Por Pedro Valls Feu Rosa
Era o ano de 1888. A Princesa Isabel assinava a Lei Áurea. Naqueles dias iniciava-se em Victoria, capital da Provincia do Espirito-Santo, no Imperio do Brazil, um processo no qual um certo Sebastião Pinto Ribeiro acusava as pessoas de Antonio Pinto da Luz e Josefina Maria da Conceição de “não cumprirem o termo de bem-viver (obrigados a não ofender a moral alheia, abster-se de provocação e outros atos ilícitos)”.

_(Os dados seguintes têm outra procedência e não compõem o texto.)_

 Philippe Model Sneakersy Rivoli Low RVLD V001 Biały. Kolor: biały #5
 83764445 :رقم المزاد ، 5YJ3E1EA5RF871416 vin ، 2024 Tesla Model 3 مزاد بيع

Por conta da gentileza de um amigo recebi cópia digitalizada destes autos, hoje um documento de valor histórico. E eis que, ao longo de uma deliciosa leitura, comecei a perceber que de lá para cá pouca coisa mudou no mundo dos processos!
Lá estavam os “termos”, “juntadas”, “certidões”, “assentadas”, “procurações” etc., tais como ainda utilizados neste século XXI! Poderiam ser inseridos em qualquer processo da atualidade e passariam praticamente desapercebidos.
Nosso sistema legal vive a aurora dos processos virtuais. Já se transformam em reminiscência histórica as montanhas de papel que ao longo de tantos séculos ornamentaram nossos cartórios e juizados.
Fico a me perguntar, porém, sobre o quanto de burocracia inútil temos convertido em “bits”. No quanto temos errado ao utilizar maravilhosos recursos tecnológicos com uma mentalidade ainda presa ao papel.
Lanço um olhar sobre nossas audiências e sessões de julgamento. Hoje já são transmitidas pela Internet. Mas há real modernidade nisto? Até que ponto estamos lançando no espaço virtual rituais bolorentos, criados mais para satisfazer vaidades que para distribuir a verdadeira justiça?
Creio ser oportuno o registro de que não falo sem conhecimento de causa: escrevo programas de computador há mais de 44 anos e sou julgador há mais de 32 anos. Com imensa legitimidade, pois, lamento, e lá do fundo de minha alma, a virtualização do bolor.
Vivemos hoje um momento único. Uma transição fascinante. Uma página na qual deveríamos escrever reflexões as mais profundas sobre a compatibilidade de nossas leis processuais com as necessidades do momento histórico e os recursos tecnológicos que temos à disposição.
Pois é. Retorno ao distante ano de 1888. E vejo que faltou algo na Lei Áurea: libertar o mundo das leis do reacionarismo cego. Da burocracia sem sentido que, malgrado já digital, ainda nos escraviza a todos.